Taking Offense

 A major stumbling block for those who reject Christianity is those parts of the Bible which seem to justify actions that we consider to be culturally backward, confusing, and irrelevant or, even worse, immoral. And I think that most Christians, if they’re honest, will agree that there are parts of the Bible that they find baffling, frustrating, or, possibly, just plain offensive.

Interestingly, characters within the Bible exhibit similar sentiments with respect to the self-disclosure of God.  Moses, for example, boldly interceded to God on behalf of his people when God was on the verge of wiping them out for their idolatry. Moses repeatedly calls on God to remember what he promised, to consider what the other nations would think, to turn away from his anger and show mercy to his people (Ex. 32:9-14; 33:12-17).  Surprisingly, God relents. Moses’ courage and boldness appear to earn him God’s favour.  We see similar themes in the book of Job, where Job protests bluntly and bitterly to God about his suffering.  Although God has some harsh words for Job at the end of the book,  he also declares that Job and not his friends with their neat and tidy religious formulas explaining human suffering, had spoken rightly of him (Job 42:7-10).

In both cases, confusion, ambiguity, and outrage were presented to God honestly and unapologetically.
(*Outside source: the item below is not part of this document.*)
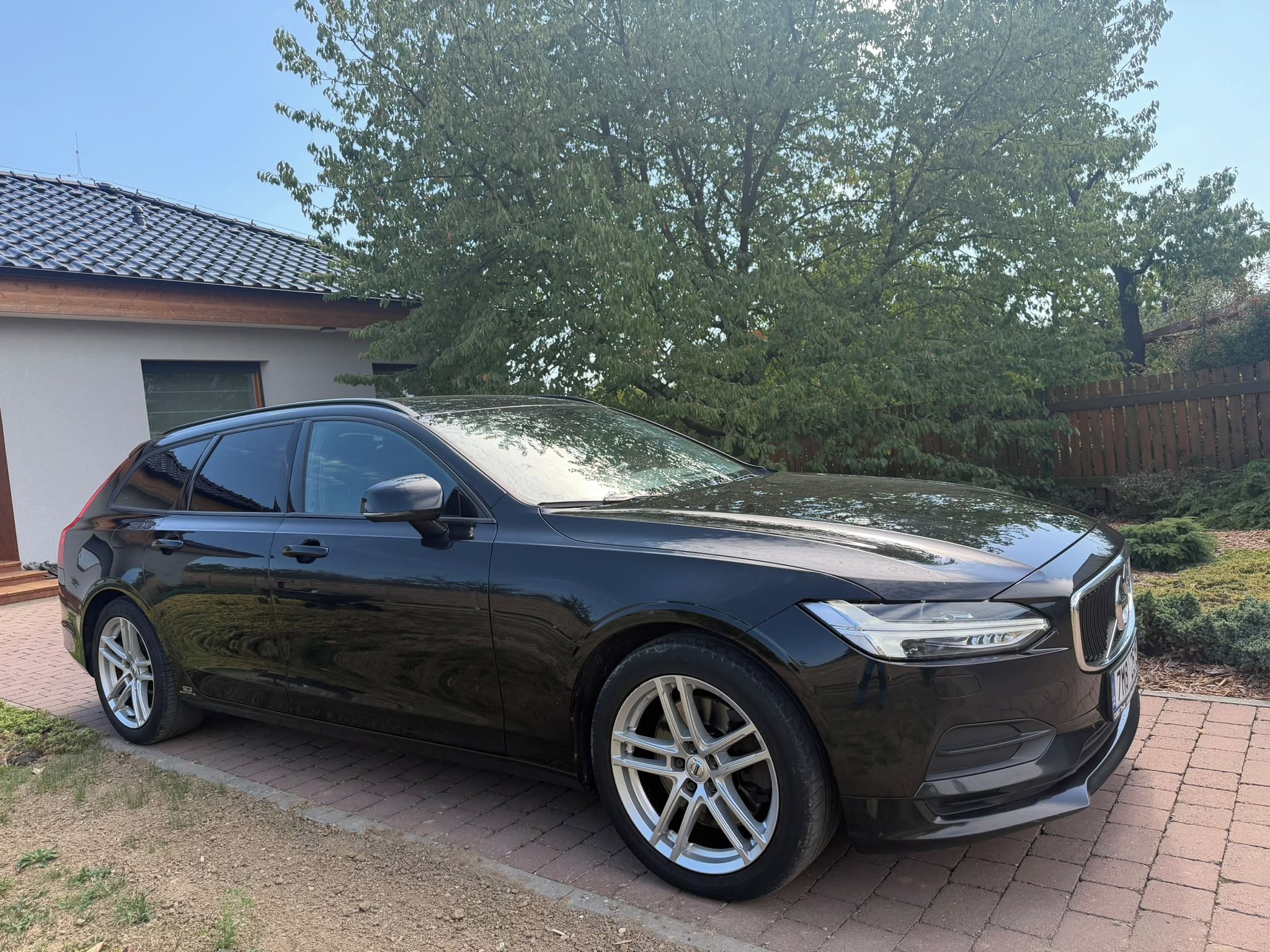 Volvo V90, Volvo V90 T4 2.0 Automat 2018 - fotka 4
In both cases, it seems that God was less interested in human beings pretending that God’s actions and intentions were perfectly obvious, transparent, and morally praiseworthy than he was in an honest acknowledgment of the confusion and even offense that walking with him can and does cause.

In The Reason for God, Timothy Keller has this to say about what to think when we come across a passage in Scripture that we find outrageous:

To stay away from Christianity because part of the Bible’s teaching is offensive to you assumes that if there is a God he wouldn’t have any views that upset you…. Now, what happens if you eliminate anything from the Bible that offends your sensibility and crosses your will? If you pick and choose what you want to believe and reject the rest, how will you ever have a God who can contradict you? … Only if your God can say things that outrage you and make you struggle (as in a real friendship or marriage!) will you know that you have gotten hold of a real God and not a figment of your imagination.

In other words, one skeptical assumption worth challenging is that if God exists and chooses to reveal himself to human beings, he is obliged to do so in a way that will simply confirm and validate our (profoundly historically and culturally conditioned) conceptions of what is good, admirable, and admissible.  If we take seriously the fact that human beings are finite and fallen creatures, whose only access to reality is profoundly shaped (in positive and negative ways) by a whole host of historical, cultural, and psychological factors, then it makes sense to say that our moral conceptions might not represent the last or best word on the question of what God is like.

In one of my university philosophy classes, a professor told the story of a friend of his who was a committed Christian and a celibate homosexual. When my professor asked his friend if he agreed with the Bible’s teaching on homosexuality, his friend said he did not. This, my professor found truly baffling. How could his friend possibly choose to commit to a religious tradition when he was in such obvious disagreement with it on a matter as important as his sexual identity?

His friend said that Christianity made sense of enough important elements of his experience, and that God had proven faithful enough over the years that he had learned to trust and yield to him when it came to matters that he disagreed with. His confusion and disagreement with God were preserved within the context of faith, and with the understanding that it is at least possible that human conceptions of what is right and wrong, permissible and impermissible might require modification or correction.

My professor obviously found this pretty difficult to stomach. What, after all, could be more important than being true to one’s own beliefs? If anything is sacred in our post-Christian Western culture it is the individual’s freedom to decide what is true and meaningful for themselves.

But perhaps facing the implications of the inherent limitation of the human condition—even when it comes to our moral intuitions—can be seen as liberating in a strange sort of way. We don’t have to pretend that we love everything in the Bible, nor do we have to pretend that God’s way of acting in the world always makes obvious sense and demands nothing but our reflexive and unthinking praise. Whatever else may be going on in the stories of how Moses and Job related to God, it seems that one important lesson is that God is not put off by human doubt, anger—even offense—in response to their understanding of his work in the world.

Ryan Dueck

One response to “Taking Offense

  1. Some very good points Ryan. Never thought of Biblical offense as a means of protecting against idolatry before. Please keep sharing your thoughts!